Consumption of large amounts of alcohol might deny you cover

Published in Mint on 25th February 2014, Written by Kapil Mehta

I will be going abroad for around seven years. I want to know whether I can pay my premiums through cheques from my account there.
—Jayanti Bose

Insurers generally prefer that you pay in Indian rupees. Paying in foreign currency is possible but comes along with considerable reporting and documentation requirements. If you have an active bank account or credit card in India, you could issue standing instructions. If you must pay from overseas, then online payment or electronic transfer will be easiest to do. Overseas cheques are not that prevalent nowadays.
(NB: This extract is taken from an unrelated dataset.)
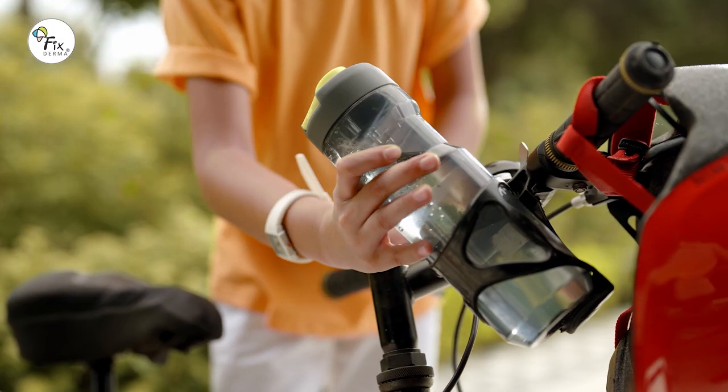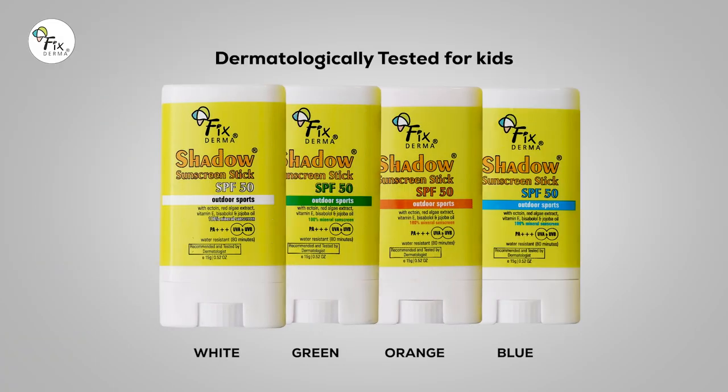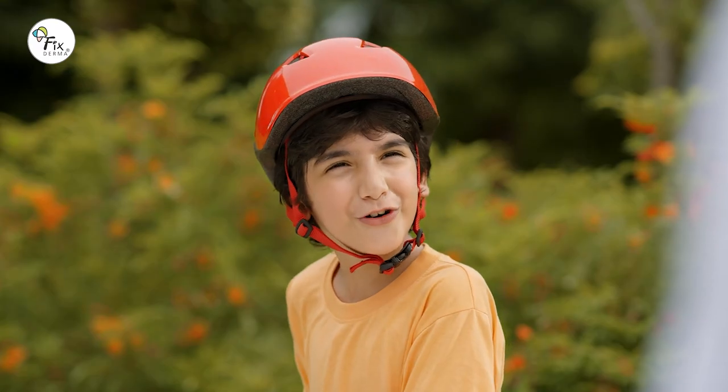Bike Check. Water Check. Safety Check. What about Skin Champ? What is this, Dad? We are ready for the ride and we are ready for the sun. So cool!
Will the amount of alcohol I consume affect the premium of a term life policy? Can an insurer refuse to give me insurance if I consume alcohol?

—Shyam Nambiar

The insurer’s response will depend upon the sum assured you select, amount of alcohol you drink, your general health and, more specifically, the condition of your liver. Insurers will look into your drinking more if the sum assured is high; you drink large amounts and often, your general health is poor or your liver function tests are not normal. Then, they may increase your premium or turn down the insurance. Practically speaking, in most cases, moderate social drinking isn’t an issue.
How do I decide how much life insurance cover I need to take?
—Kavya

There are several approaches to assess the amount of insurance needed. The first approach, which I endorse for its simplicity, is to purchase enough cover so that if you were to die today, your family will immediately get an amount equal to 10 years of your annual income. This is a long enough term for the family to settle down and create alternate incomes without compromising their quality of life.

A second approach is to estimate specific expenses that the family would incur over the foreseeable future and purchase enough insurance to cover that amount. The sum assured estimated in this approach is usually less than the first method. Be mindful of the tendency to underestimate expenses and make sure you build in inflation. A third approach is to construct a list of your current assets, current and future liabilities. The difference between your liabilities and assets is the funding gap that needs to be bridged with insurance. This is a relatively complex exercise because interest rates and inflation needs to be factored. Follow this approach if you are comfortable with financial modelling and computing the time value of money.